**Task objective**
Records follow. Print exactly the lines from the one that has "Hello and welcome" through the one that has "Make sure to", inclusive, and omit the pictures.
::::::
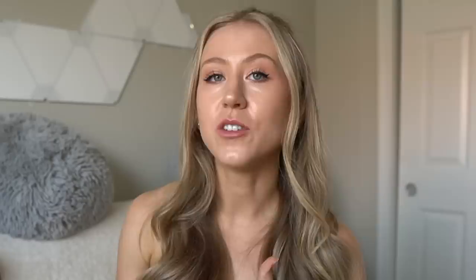If you're new to this channel, or you've been watching a while and not subscribed, just go ahead and subscribe. Give this video a thumbs up if you like affordable activewear reviews, and let's get to trying some of the shorts.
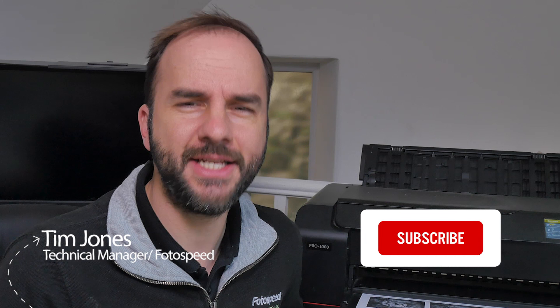Hello and welcome to this photo speed video. My name is Tim Jones and today we're going to be looking at matte papers. But before we do, as always please don't forget to subscribe to the channel by clicking the subscribe button, and please check out our other videos and share any comments you have. We love to hear what you think and it gives us loads of ideas for new and upcoming videos.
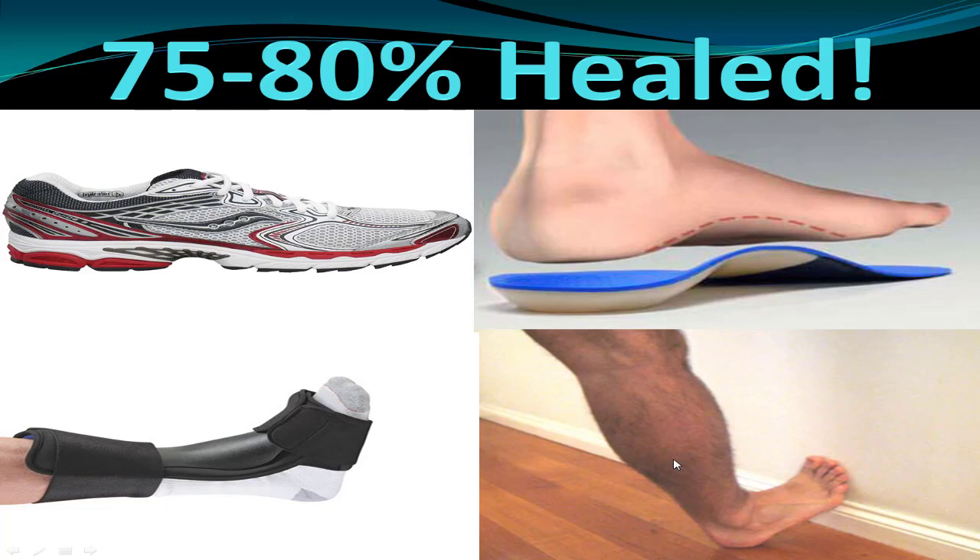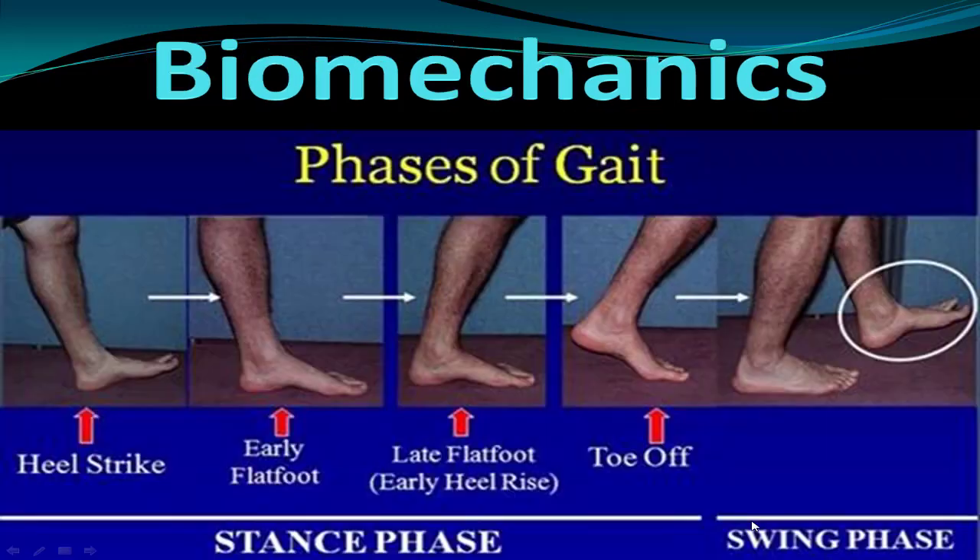Stretching is key. Studies show this is overwhelmingly the number one thing. Do calf stretches, plantar fascia stretches with a towel, hamstring stretches, and even stretch out your back. The stiffness is what puts all the pain on the front of your foot. You want to be able to get at least 90 degrees in your ankle joint — otherwise you'll have poor biomechanics and spend a lot of time in toe-off.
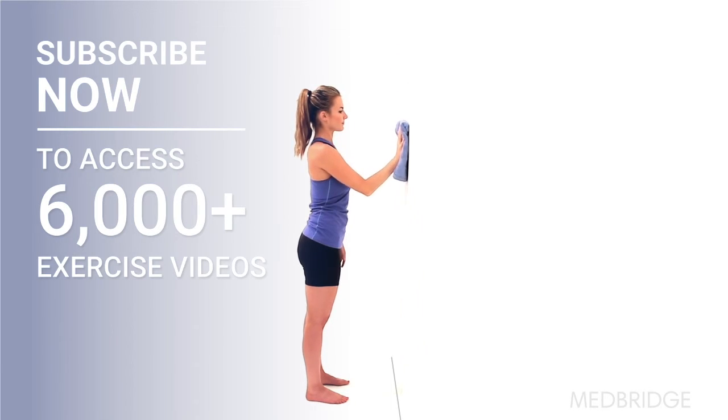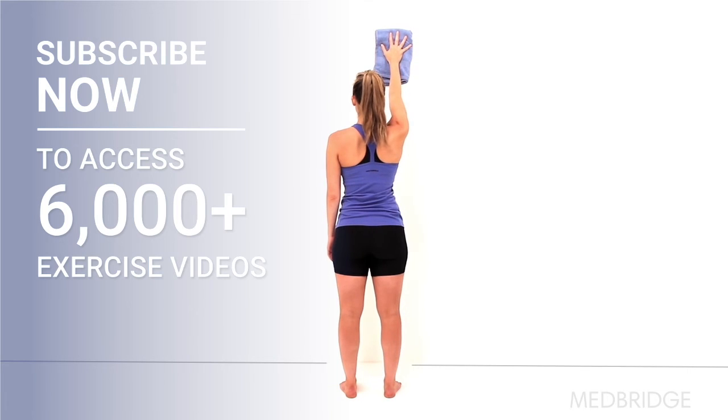Make sure to keep your back straight during the exercise, and only raise your arm as far as you can without causing pain.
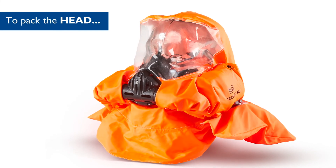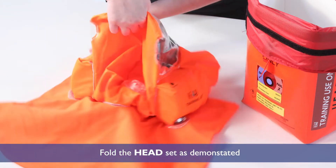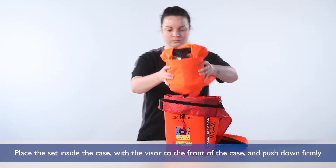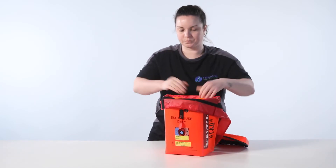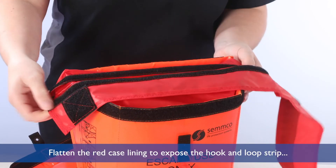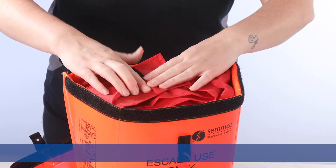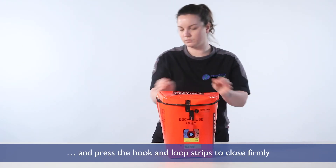To pack the head, fold the head set as demonstrated. Place the set inside the case with the visor to the front of the case and push down firmly. Flatten the red case lining to expose the hook and loop strip and fold over the flap to seal the bag. Fold inside, replace the lid and press the hook and loop strips to close firmly.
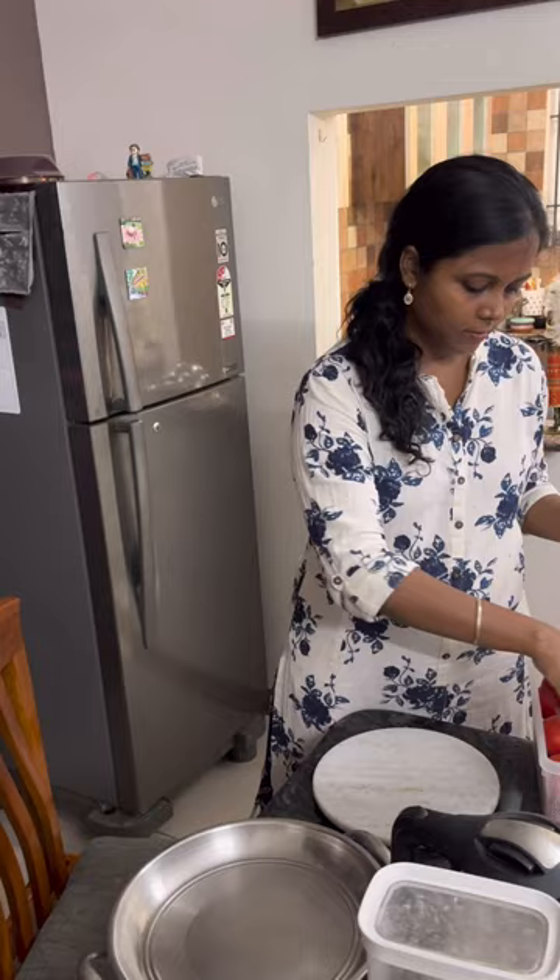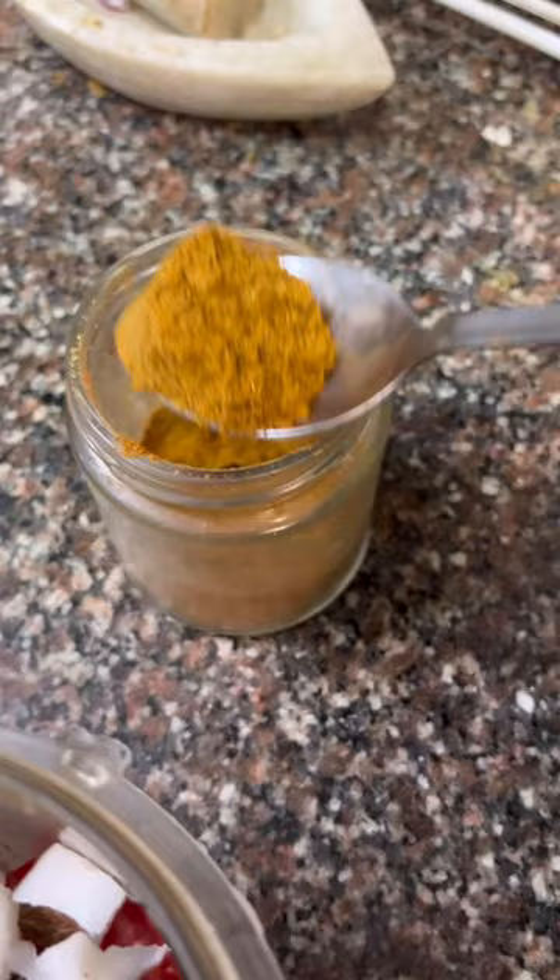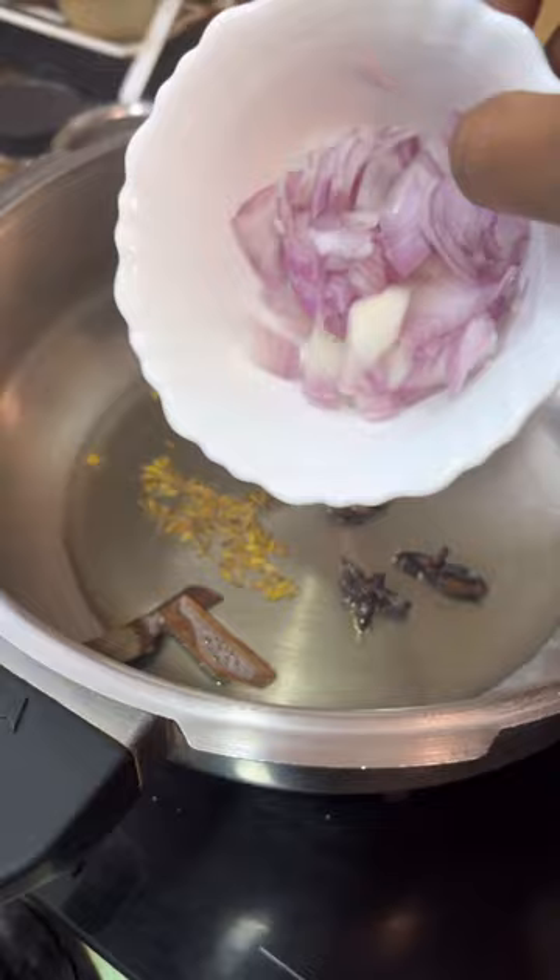This is the recipe for this dinner. This is the chicken vengayam, with some soombu, jeeram, and garam masala — 1 spoon, 2 spoons — make a smooth paste.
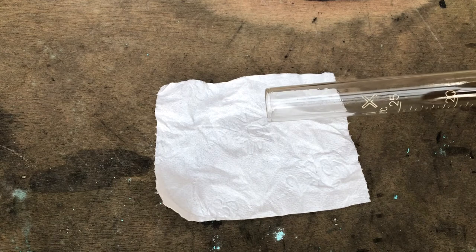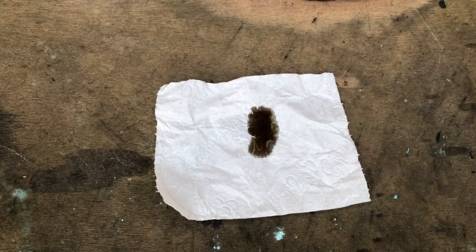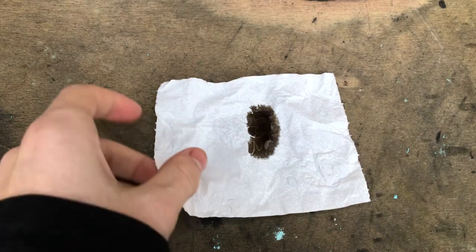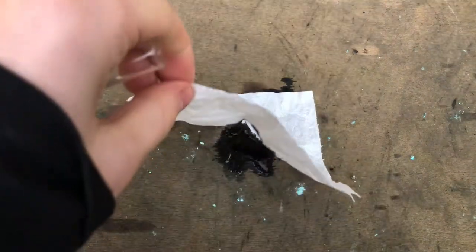It's quite concentrated. To test if the sulfuric acid is concentrated, I wanted to see how fast it dissolves cellulose — my source of cellulose is just toilet paper. As you can see, the sulfuric acid turned it black and ate right through it, so it must be quite concentrated.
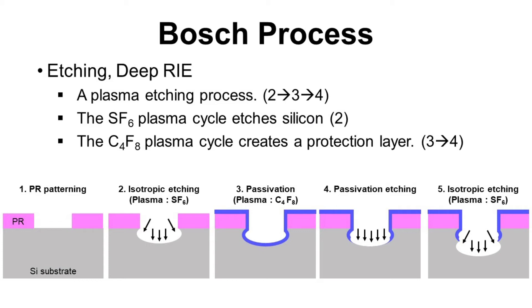The first step of the Bosch process is photoresist patterning — a process to define the area we want to etch, which is the TSV. The second step is isotropic etching, where sulfur hexafluoride (SF6) gas is used to etch the silicon substrate to form the TSV. The third step is passivation, where octafluorocyclobutane (C4F8) is used to create a passivation layer to protect the silicon substrate from etching. The fourth step is passivation etching, during which plasma etches only the bottom area. The fifth step is isotropic etching again, like the second step, but now with passivation present — so only the bottom area without passivation is etched. The Bosch process is a repetition of steps 2, 3, and 4, making the TSV progressively deeper.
::::::
**Task result**
Hello and welcome to this photo speed video. My name is Tim Jones and today we're going to be looking at matte papers. But before we do, as always please don't forget to subscribe to the channel by clicking the subscribe button, and please check out our other videos and share any comments you have. We love to hear what you think and it gives us loads of ideas for new and upcoming videos.
Stretching is key. Studies show this is overwhelmingly the number one thing. Do calf stretches, plantar fascia stretches with a towel, hamstring stretches, and even stretch out your back. The stiffness is what puts all the pain on the front of your foot. You want to be able to get at least 90 degrees in your ankle joint — otherwise you'll have poor biomechanics and spend a lot of time in toe-off.
Make sure to keep your back straight during the exercise, and only raise your arm as far as you can without causing pain.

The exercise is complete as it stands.